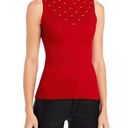 T Tahari  Women's Large Red Rhinestone Mock Neck Sleeveless Ribbed Sweater Pullov Photo 0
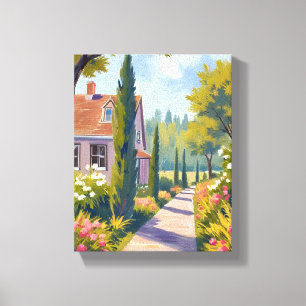 Toile Promenade dans le jardin   Peinture à l'huile traj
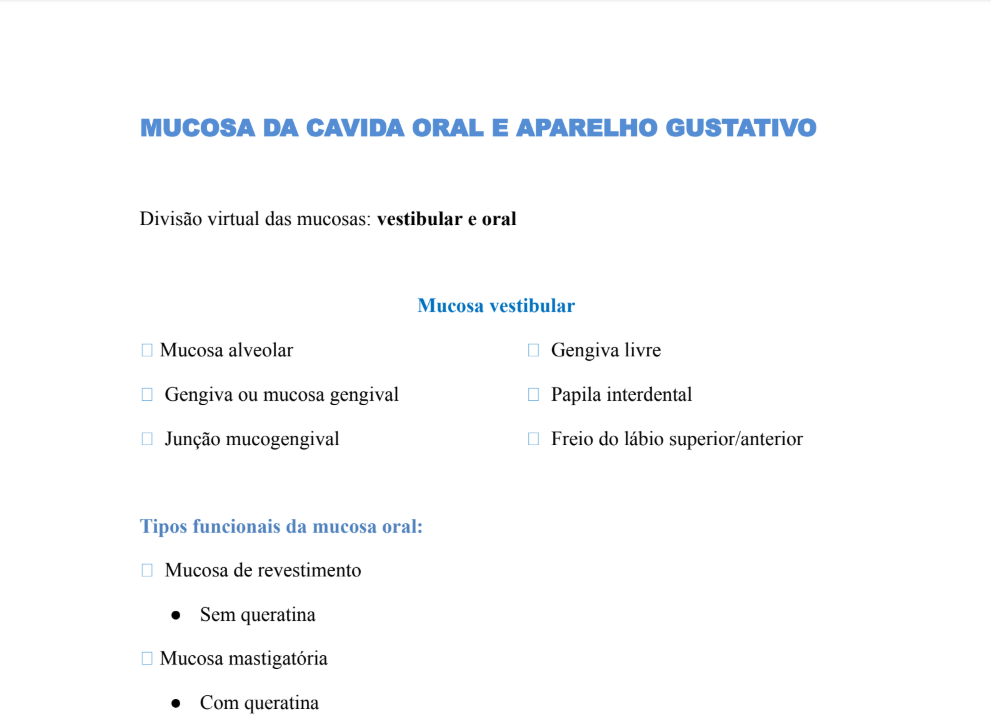 Mucosa da Cavidade Oral e Aparelho Gustativo: Anatomia e Função
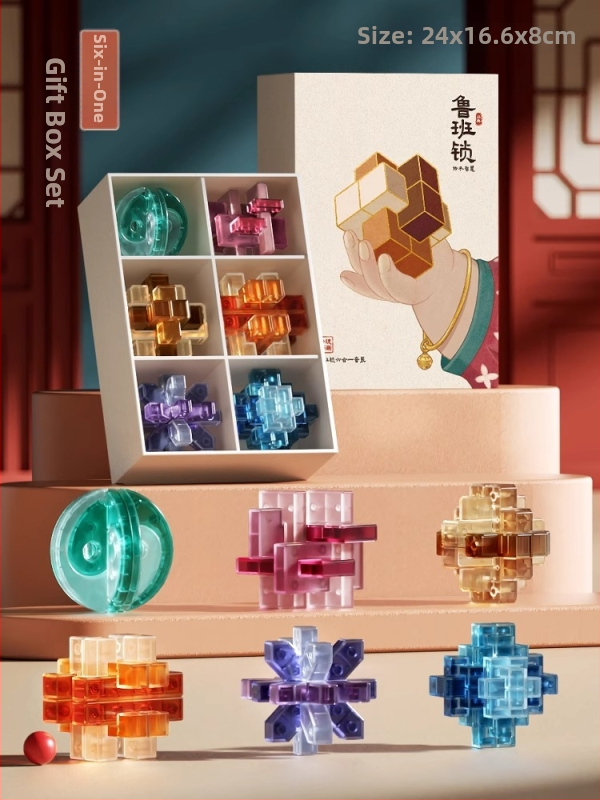 Luban Lock puzzle hračka, plastová, pre vek 7–14 rokov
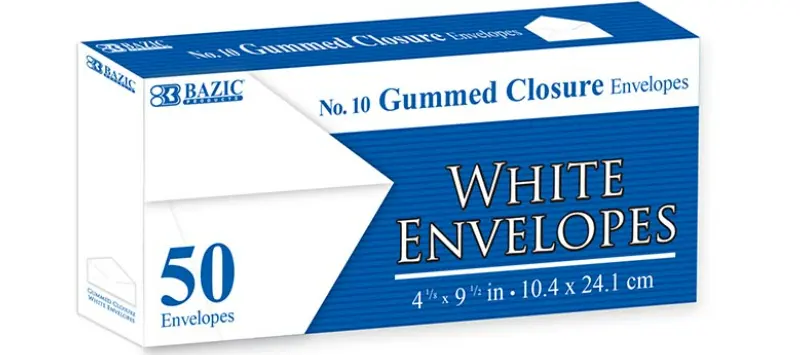 #10 White Envelopes w/ Gummed Closure (50/Pack)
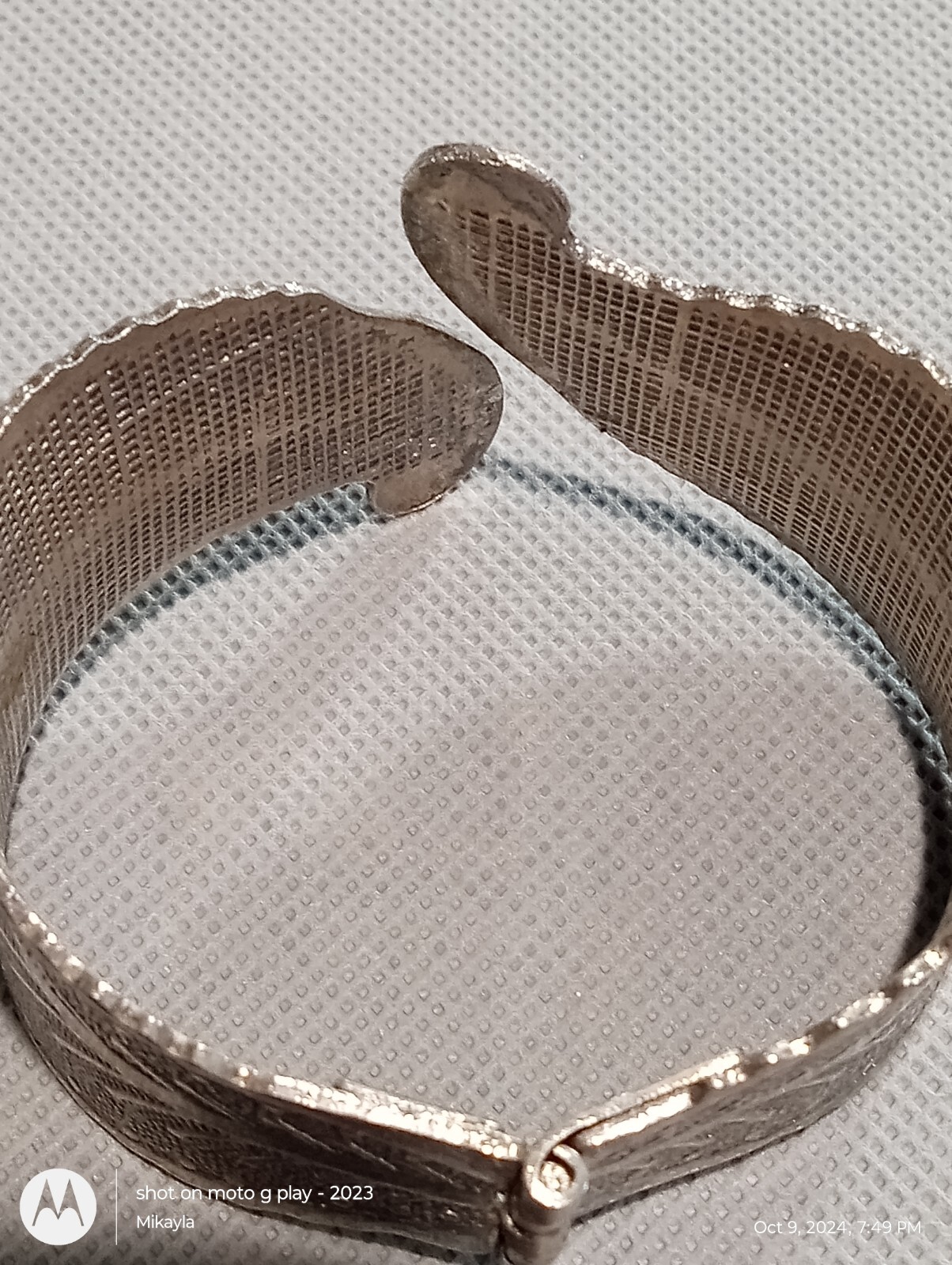 Silver Leaf Cuff Bracelet Hinged - image 6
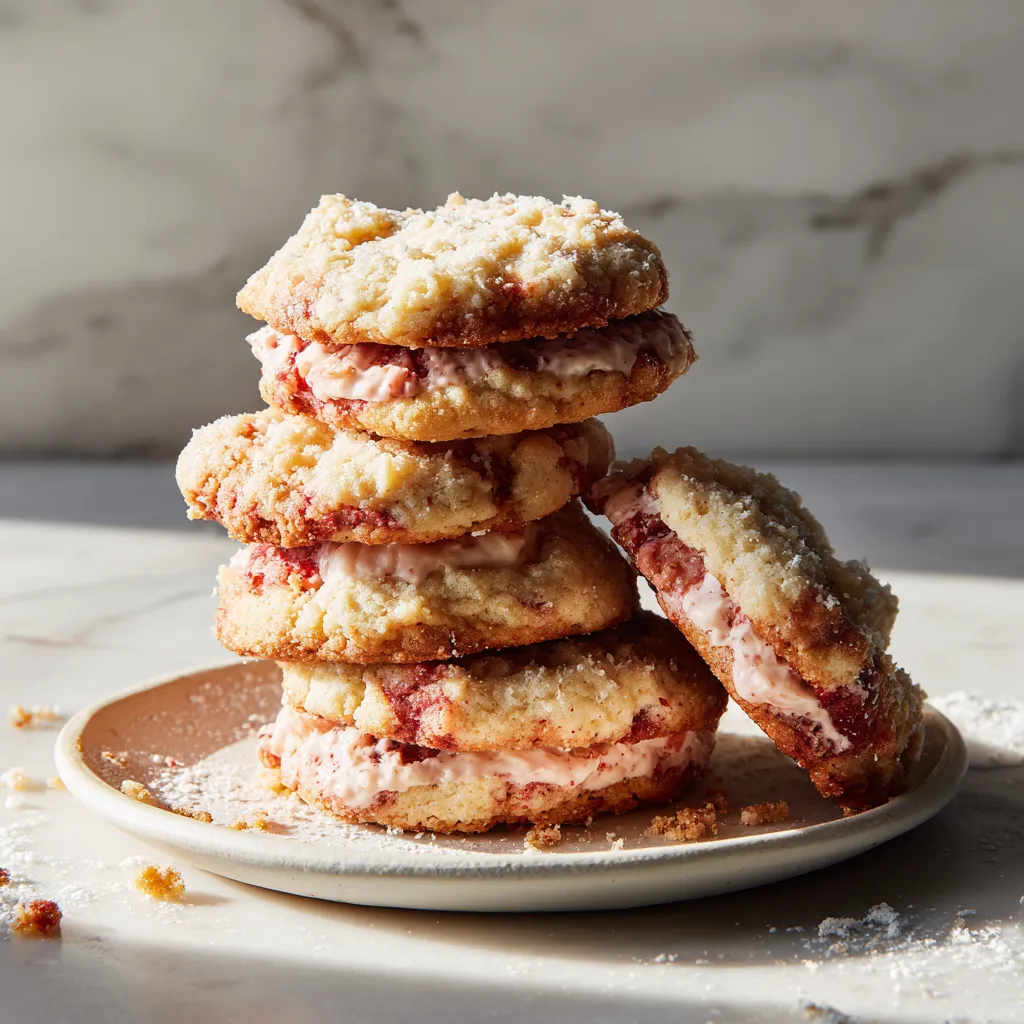 Buttery Strawberry Crumble Sandwich Cookies with Sweet Cream Cheese Filling and Sugar Cookie Base - tertiary view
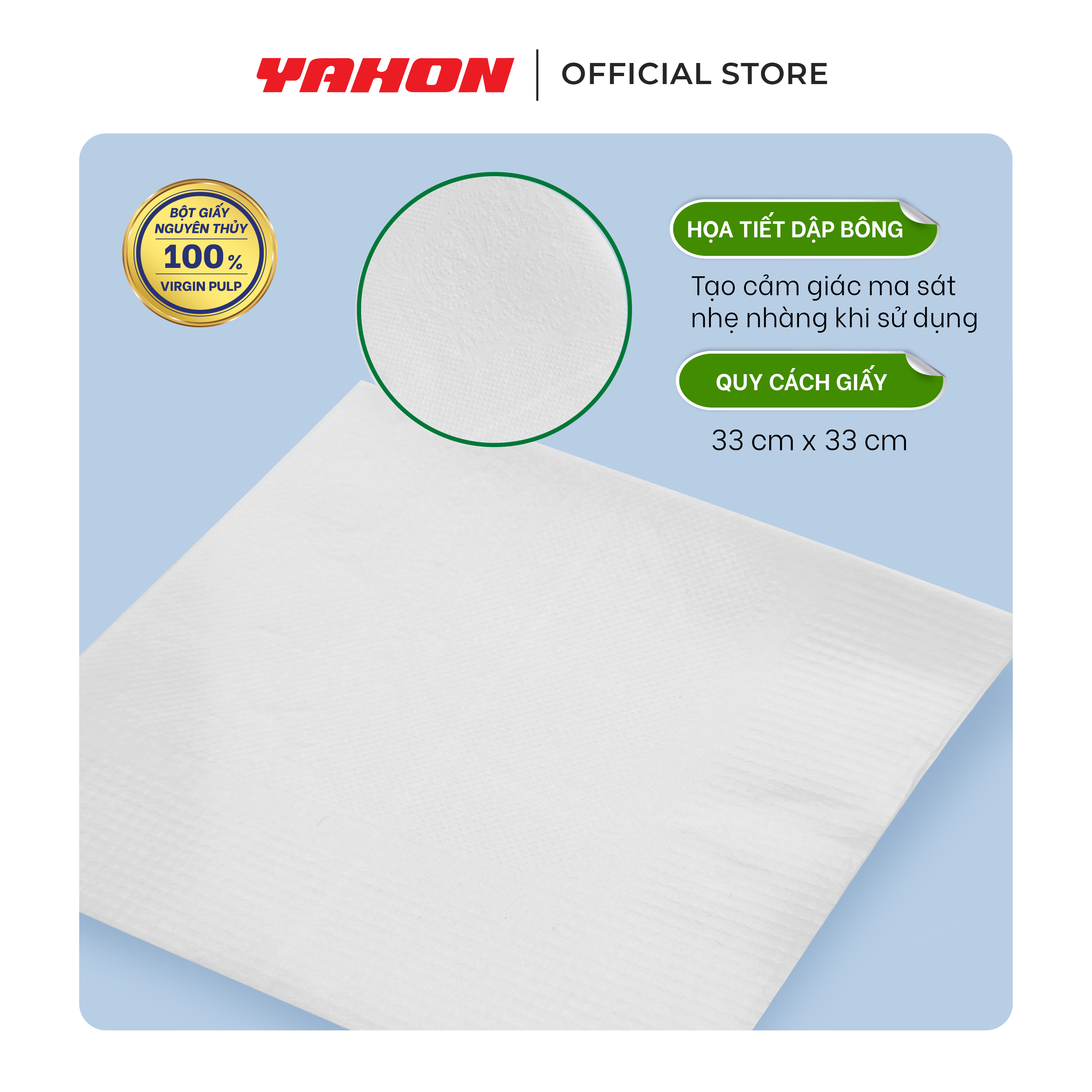 Combo Bao Khăn ăn cao cấp 33*33cm Let-green, 100 Tờ/Bao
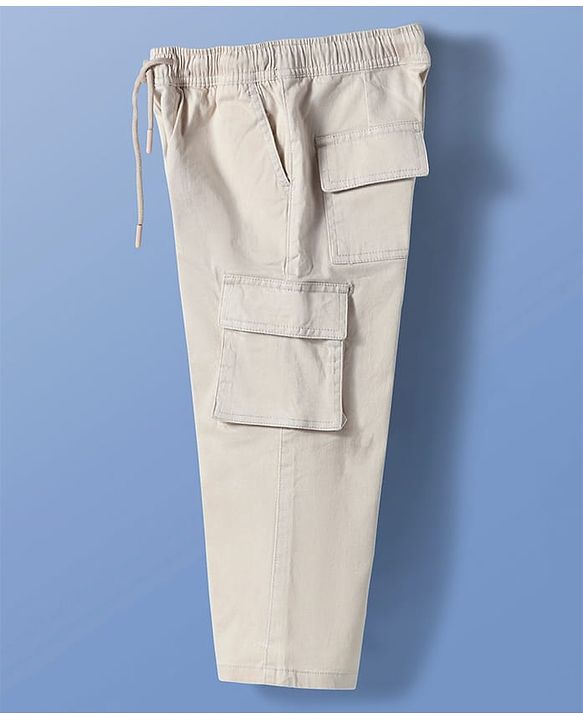 Pine Kids Cotton Woven Full Length  Trouser with Pockets - Beige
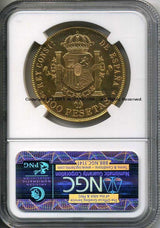 スペイン 100ペセタ金貨 1897年リストライク(61) アルフォンソ13世 NGC MS64 - 野崎コイン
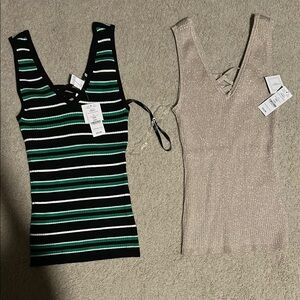 WHBM Black and Green and Gold Shimmer Reversible Tank Tops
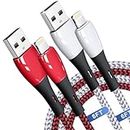 XDXTAP iPhone Charger Cable Braided, [Apple MFi Certified]2 Pack 6FT Fast Charging Lightning Cable, Long USB High Speed Transfer Cord for 14/13/12/11/X/Max/8/7/6/6S/5/5S/SE/Plus/iPad-Multicolor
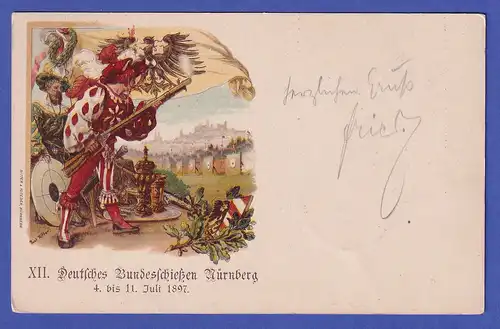 Bayern Privat-Ganzsache XII. Deutsches Bundesschiessen 1897 Frech # PPKC1.01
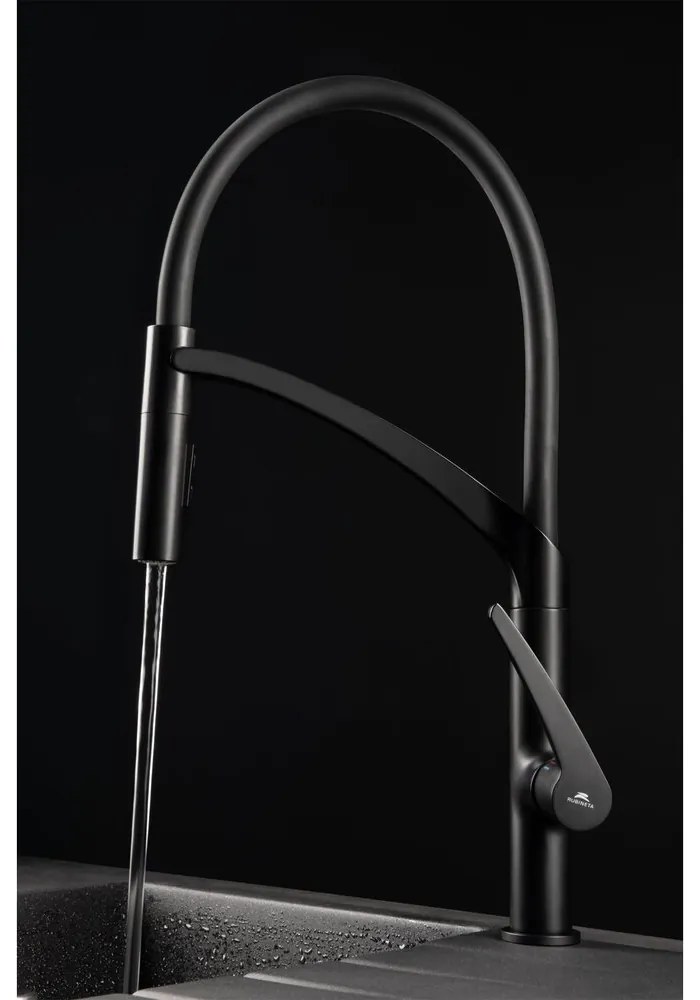 Baterie bucatarie cu pipa flexibila Rubineta Ultima finisaj negru mat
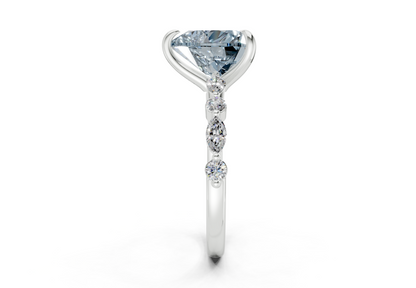 Aetheria Blue Diamond Accent Heart Cut 2mm Engagement Ring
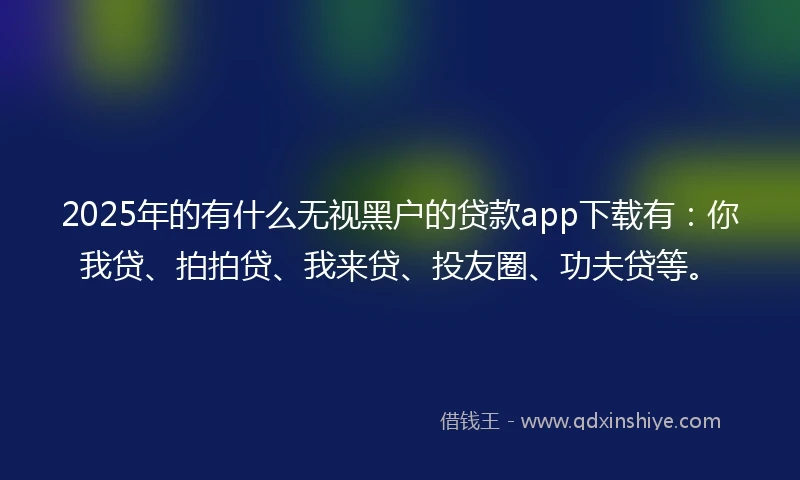 2025年的有什么无视黑户的贷款app下载有：你我贷、拍拍贷、我来贷、投友圈、功夫贷等。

** Activity **
Reproduce nothing but the lines that run from the line containing "Baterie bucatarie cu" through the last line of the records, inclusive. Omit the pictures.

** Response area **
 Baterie bucatarie cu pipa flexibila Rubineta Ultima finisaj negru mat
 Aetheria Blue Diamond Accent Heart Cut 2mm Engagement Ring
 2025年的有什么无视黑户的贷款app下载有：你我贷、拍拍贷、我来贷、投友圈、功夫贷等。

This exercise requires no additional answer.